## [WORK TO BE COMPLETED]
Start to finish, print the data below exactly, without the images.

### DATA SHOWN ###

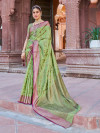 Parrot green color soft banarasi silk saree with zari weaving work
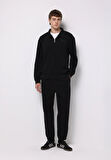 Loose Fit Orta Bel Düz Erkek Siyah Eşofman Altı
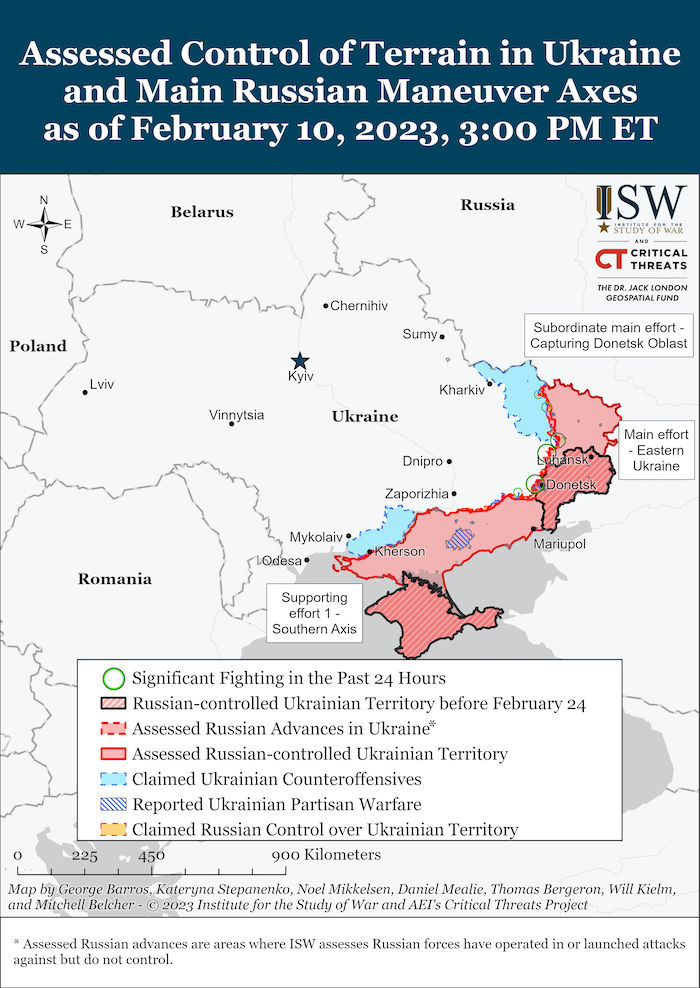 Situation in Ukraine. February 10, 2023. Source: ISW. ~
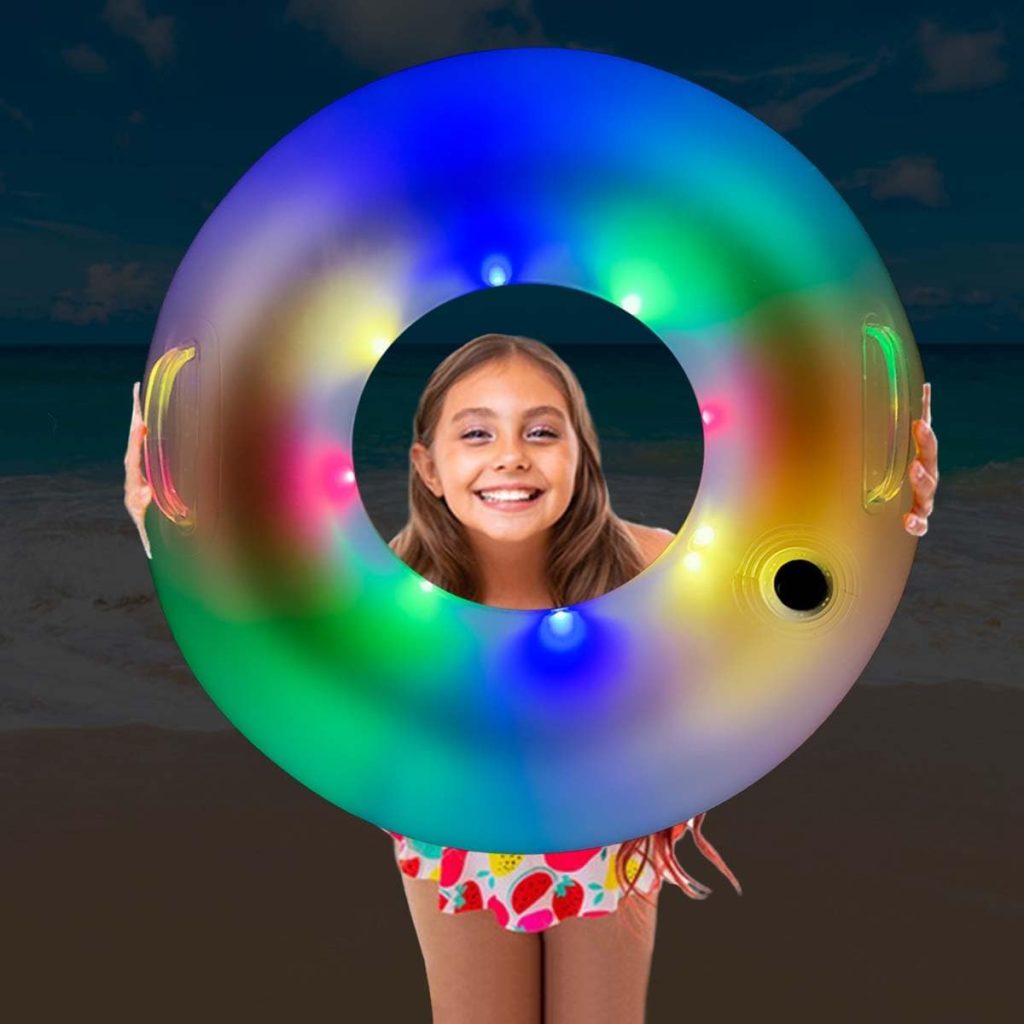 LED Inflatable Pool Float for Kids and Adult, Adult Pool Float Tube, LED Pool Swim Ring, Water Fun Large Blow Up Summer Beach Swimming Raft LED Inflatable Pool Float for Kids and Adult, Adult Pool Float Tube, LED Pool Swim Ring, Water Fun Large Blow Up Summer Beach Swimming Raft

###

## [RESULT BELOW]
 Parrot green color soft banarasi silk saree with zari weaving work
 Loose Fit Orta Bel Düz Erkek Siyah Eşofman Altı
 Situation in Ukraine. February 10, 2023. Source: ISW. ~
 LED Inflatable Pool Float for Kids and Adult, Adult Pool Float Tube, LED Pool Swim Ring, Water Fun Large Blow Up Summer Beach Swimming Raft LED Inflatable Pool Float for Kids and Adult, Adult Pool Float Tube, LED Pool Swim Ring, Water Fun Large Blow Up Summer Beach Swimming Raft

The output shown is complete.